La desaparición y muerte de los hermanos Restrepo han sido actualizadas por María Fernanda, su hermana menor, que se inicia en el arte cinematográfico con su filme “Mi corazón en Yambo”. La producción alude a ese crimen sin nombre ejecutado por torturadores y asesinos en que fue prolífica la fuerza pública a la orden del mandamás de El Cortijo, que entre vacas, pistolas y caballos -sus tres predilecciones- regó de cadáveres el suelo ecuatoriano desde el Palacio de Carondelet. Los restos de las dos víctimas, Andrés y Santiago (15 y 17 años, flor de la vida), fueron arrojados por malhechores policiales a la sombría y solitaria laguna de Yambo. De esto hay confesiones, testimonios y evidencias irrefutables, aunque es perfectamente probable que las mismas manos que ejecutaron el doble asesinato, u otras igualmente serviles y sanguinarias, recuperaran los despojos para ocultarlos donde ya no fuera posible rescatarlos, tal vez en el cráter de algún volcán vecino.
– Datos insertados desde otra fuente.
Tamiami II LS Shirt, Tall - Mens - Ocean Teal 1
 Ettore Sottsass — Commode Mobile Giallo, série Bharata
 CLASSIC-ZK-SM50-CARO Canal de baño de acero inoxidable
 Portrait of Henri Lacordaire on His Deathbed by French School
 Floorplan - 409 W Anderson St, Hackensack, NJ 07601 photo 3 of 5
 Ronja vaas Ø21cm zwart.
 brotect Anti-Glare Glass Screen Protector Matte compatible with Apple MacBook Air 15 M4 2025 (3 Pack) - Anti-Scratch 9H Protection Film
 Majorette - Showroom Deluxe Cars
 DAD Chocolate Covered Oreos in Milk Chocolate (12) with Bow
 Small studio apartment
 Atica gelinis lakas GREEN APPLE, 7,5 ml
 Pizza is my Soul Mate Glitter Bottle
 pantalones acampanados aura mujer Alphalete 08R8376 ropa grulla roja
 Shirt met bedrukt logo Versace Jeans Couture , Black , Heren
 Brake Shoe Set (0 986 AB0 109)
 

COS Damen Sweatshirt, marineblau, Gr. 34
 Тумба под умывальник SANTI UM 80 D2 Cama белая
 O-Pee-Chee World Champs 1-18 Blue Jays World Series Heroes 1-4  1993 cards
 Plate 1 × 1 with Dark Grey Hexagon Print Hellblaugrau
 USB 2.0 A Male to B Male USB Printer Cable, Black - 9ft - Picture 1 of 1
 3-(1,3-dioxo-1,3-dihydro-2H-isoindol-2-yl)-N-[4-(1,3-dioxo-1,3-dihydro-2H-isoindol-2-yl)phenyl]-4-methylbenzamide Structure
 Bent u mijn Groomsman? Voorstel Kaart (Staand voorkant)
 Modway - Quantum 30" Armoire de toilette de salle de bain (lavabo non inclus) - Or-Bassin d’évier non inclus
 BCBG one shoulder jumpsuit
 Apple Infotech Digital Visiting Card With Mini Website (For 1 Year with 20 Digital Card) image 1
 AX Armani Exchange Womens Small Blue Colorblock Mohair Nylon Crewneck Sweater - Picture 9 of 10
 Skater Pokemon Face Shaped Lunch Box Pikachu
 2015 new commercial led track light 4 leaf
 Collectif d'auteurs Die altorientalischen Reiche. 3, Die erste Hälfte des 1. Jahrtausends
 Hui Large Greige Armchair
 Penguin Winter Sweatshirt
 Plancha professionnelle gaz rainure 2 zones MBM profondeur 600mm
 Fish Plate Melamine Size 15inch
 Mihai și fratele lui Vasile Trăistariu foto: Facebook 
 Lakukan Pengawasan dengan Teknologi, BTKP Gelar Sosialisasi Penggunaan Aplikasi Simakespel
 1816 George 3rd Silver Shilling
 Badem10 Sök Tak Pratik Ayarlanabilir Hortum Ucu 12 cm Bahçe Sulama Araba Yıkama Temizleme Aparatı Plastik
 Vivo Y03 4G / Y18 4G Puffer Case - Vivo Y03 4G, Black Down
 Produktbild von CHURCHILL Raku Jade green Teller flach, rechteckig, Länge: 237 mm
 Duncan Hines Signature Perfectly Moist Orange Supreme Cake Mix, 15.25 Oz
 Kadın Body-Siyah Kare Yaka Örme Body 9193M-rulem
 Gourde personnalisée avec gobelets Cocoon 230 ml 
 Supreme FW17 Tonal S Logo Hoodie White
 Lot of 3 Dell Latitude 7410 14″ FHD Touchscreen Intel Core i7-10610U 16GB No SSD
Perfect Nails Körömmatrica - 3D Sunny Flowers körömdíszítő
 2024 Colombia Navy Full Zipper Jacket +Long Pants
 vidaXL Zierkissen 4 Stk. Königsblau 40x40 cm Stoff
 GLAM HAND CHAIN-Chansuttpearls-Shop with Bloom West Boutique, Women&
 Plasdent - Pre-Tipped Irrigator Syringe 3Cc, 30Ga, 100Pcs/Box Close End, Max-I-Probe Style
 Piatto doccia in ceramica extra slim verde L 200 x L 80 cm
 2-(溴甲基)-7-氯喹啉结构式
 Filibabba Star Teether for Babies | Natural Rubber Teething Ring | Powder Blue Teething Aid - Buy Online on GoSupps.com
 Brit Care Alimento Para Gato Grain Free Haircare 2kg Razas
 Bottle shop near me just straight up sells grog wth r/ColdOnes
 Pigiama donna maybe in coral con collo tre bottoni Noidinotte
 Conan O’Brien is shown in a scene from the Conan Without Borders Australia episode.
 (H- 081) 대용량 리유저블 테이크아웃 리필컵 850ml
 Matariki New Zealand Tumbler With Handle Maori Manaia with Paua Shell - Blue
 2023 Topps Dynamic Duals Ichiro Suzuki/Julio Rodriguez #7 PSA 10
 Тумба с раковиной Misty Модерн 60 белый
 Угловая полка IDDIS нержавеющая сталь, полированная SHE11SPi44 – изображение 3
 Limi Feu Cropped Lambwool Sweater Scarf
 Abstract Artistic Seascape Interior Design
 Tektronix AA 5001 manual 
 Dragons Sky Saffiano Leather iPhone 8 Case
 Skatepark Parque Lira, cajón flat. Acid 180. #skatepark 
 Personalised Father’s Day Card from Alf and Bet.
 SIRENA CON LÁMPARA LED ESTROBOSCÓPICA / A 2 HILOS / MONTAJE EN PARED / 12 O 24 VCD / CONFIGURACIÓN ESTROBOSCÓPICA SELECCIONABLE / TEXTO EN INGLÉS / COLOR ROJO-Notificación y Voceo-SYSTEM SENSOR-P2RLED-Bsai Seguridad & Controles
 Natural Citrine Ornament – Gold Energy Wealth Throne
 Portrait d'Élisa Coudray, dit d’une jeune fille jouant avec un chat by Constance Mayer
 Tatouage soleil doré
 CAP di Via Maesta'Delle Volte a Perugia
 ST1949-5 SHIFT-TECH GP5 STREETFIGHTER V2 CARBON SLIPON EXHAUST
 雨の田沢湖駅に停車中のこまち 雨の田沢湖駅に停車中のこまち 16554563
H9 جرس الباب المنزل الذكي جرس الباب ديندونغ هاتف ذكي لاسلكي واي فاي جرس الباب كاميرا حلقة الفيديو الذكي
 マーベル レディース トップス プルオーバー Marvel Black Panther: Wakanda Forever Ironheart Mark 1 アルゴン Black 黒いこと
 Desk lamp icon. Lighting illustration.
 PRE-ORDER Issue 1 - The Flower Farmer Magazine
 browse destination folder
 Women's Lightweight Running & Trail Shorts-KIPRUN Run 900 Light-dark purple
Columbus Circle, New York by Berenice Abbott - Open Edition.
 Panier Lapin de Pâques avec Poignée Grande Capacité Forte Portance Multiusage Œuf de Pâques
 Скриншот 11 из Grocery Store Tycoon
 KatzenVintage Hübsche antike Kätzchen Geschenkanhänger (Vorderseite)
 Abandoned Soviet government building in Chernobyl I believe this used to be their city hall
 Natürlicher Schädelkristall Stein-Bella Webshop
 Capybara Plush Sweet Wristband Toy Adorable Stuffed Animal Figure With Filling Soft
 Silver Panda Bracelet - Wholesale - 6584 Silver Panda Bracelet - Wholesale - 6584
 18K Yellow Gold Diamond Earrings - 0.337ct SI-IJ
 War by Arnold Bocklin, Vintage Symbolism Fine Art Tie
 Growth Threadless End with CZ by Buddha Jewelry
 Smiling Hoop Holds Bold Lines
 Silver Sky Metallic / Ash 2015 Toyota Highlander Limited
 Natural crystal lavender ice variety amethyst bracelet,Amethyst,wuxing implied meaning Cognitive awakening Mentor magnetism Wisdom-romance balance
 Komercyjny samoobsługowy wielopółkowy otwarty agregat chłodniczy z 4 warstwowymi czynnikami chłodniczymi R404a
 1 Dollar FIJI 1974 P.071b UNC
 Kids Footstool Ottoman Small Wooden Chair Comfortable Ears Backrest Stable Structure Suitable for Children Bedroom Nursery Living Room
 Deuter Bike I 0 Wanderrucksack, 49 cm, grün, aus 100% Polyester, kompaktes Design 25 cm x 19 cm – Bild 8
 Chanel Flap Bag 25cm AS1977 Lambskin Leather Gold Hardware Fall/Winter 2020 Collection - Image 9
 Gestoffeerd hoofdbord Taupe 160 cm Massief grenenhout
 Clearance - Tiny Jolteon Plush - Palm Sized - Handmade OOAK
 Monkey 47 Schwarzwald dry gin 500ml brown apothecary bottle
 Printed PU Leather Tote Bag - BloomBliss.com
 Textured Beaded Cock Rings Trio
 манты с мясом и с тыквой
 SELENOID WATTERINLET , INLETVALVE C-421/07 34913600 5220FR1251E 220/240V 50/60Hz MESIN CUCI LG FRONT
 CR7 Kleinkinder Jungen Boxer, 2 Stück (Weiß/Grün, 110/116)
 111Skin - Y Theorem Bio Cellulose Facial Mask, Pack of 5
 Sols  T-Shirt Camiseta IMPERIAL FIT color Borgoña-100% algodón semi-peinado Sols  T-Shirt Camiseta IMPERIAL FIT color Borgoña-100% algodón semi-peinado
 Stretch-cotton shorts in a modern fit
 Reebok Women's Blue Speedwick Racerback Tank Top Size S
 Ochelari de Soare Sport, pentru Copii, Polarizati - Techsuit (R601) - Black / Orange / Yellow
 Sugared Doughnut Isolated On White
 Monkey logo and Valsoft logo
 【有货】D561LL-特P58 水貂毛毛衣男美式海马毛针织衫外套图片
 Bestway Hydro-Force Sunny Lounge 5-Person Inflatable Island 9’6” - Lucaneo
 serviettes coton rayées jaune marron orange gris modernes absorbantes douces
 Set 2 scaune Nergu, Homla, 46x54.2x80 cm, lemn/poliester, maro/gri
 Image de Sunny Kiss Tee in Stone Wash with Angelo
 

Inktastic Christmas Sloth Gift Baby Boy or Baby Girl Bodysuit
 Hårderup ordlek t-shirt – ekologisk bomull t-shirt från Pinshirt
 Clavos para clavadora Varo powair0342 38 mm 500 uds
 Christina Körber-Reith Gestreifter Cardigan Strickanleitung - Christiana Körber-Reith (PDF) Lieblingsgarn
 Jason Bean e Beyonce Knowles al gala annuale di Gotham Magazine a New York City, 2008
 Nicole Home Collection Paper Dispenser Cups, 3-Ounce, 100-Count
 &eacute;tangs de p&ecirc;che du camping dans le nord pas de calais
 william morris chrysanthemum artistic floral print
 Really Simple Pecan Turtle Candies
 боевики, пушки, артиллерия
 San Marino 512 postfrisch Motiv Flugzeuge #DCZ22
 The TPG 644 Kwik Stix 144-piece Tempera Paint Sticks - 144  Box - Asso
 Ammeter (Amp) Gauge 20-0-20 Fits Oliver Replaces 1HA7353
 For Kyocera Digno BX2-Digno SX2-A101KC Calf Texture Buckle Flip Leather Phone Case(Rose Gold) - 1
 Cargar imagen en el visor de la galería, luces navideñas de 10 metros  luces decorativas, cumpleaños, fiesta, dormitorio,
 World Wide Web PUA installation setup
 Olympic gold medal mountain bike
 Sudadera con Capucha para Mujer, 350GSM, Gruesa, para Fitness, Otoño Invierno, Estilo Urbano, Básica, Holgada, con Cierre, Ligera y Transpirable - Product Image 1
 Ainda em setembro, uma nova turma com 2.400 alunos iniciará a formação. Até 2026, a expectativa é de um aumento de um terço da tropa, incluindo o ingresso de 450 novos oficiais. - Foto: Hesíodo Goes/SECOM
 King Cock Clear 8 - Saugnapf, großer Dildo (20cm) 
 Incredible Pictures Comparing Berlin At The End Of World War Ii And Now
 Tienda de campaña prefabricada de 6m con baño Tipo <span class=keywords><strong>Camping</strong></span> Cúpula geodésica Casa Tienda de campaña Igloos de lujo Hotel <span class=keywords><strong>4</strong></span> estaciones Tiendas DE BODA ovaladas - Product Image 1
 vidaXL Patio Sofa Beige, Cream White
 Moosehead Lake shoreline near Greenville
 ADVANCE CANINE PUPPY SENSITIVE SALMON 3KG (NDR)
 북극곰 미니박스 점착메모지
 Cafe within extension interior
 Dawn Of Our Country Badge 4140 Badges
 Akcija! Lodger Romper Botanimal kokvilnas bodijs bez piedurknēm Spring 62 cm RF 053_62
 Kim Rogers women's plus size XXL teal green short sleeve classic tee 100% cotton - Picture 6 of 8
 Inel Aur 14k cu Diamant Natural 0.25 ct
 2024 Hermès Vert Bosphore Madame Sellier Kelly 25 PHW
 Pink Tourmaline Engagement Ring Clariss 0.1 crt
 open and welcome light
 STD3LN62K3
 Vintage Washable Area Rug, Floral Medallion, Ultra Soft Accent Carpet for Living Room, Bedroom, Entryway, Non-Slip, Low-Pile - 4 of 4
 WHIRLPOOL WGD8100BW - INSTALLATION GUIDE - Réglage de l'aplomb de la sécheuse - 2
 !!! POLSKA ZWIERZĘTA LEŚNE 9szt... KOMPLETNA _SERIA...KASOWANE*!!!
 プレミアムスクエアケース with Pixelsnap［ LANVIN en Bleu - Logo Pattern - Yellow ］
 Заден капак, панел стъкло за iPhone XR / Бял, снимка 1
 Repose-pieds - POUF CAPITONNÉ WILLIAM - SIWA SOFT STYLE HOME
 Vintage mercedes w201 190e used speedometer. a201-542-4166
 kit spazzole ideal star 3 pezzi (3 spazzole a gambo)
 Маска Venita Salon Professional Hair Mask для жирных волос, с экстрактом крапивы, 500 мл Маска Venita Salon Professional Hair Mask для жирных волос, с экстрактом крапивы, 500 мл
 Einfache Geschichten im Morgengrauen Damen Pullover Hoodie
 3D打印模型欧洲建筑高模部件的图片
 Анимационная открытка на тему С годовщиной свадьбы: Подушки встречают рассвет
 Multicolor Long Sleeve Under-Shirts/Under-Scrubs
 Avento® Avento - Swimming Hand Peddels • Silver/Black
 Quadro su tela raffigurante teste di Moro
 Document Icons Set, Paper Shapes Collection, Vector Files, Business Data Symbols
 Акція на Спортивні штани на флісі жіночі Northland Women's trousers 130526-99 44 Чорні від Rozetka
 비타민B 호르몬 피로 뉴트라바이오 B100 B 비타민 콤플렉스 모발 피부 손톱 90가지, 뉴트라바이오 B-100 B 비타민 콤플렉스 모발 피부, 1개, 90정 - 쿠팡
Sea lo que fuese, y por muchas lágrimas que cuesten a los suyos mantener vigente esta tenebrosa historia, el Ecuador entero, el de hoy y el de mañana, tiene necesidad y urgencia de hallar la verdad y perseguir y castigar, aquí y aún más allá de la tumba, a los culpables del horrendo crimen. El Ecuador no puede seguir siendo el reino de la impunidad. Siempre lo ha sido, especialmente desde que Gabriel García Moreno, el “Santo del Patíbulo”, estableció el imperio del terrorismo de Estado y dividió a nuestro pueblo –palabras de Montalvo- en tres porciones: una destinada al encierro, otra al destierro y la última al entierro.
A comienzos del siglo XX, la impunidad cobró más fuerza con la feroz matanza del 28 de enero de 1912, cuando caníbales de levita, uniforme militar y sotana desataron la furia de una chusma borracha y fanatizada para ultimar en prisión a Eloy Alfaro y sus compañeros de martirio, arrastrarlos por las calles de Quito y prender con sus despojos la “Hoguera Bárbara” en el parque de El Ejido. Esa “Hoguera Bárbara” que nosotros, los ecuatorianos de hoy, hombres y mujeres de toda edad y cualquier condición, estamos obligados a convertirla en inmensa antorcha de la verdad, que ilumine para siempre el camino de la justicia y la dignidad humana.
No solo eso. Es imprescindible hacer el trágico inventario de la sangre derramada por toda clase de tiranos y tiranuelos, desde el Estado o con la complicidad del Estado. Así saldrán a luz, para no ser olvidadas ni perdonadas, la masacre obrera del 15 de noviembre de 1922, las masacres indígenas y estudiantiles, las masacres del 2 y 3 de junio de 1959, la masacre de Aztra, las incontables violaciones y asesinatos de chicas atribuidos a Camargo, las muertes de Fybeca, las de Consuelo Benavides y sus compañeros, en fin, el magnicidio del presidente Jaime Roldós Aguilera y la cadena de muertes sucesivas, tanto de campesinos de Celica como de los pilotos de aquellas dos naves siniestradas después del fatídico 24 de mayo de 1981. Prometámonos: nuestro corazón en Yambo; nunca más impunidad.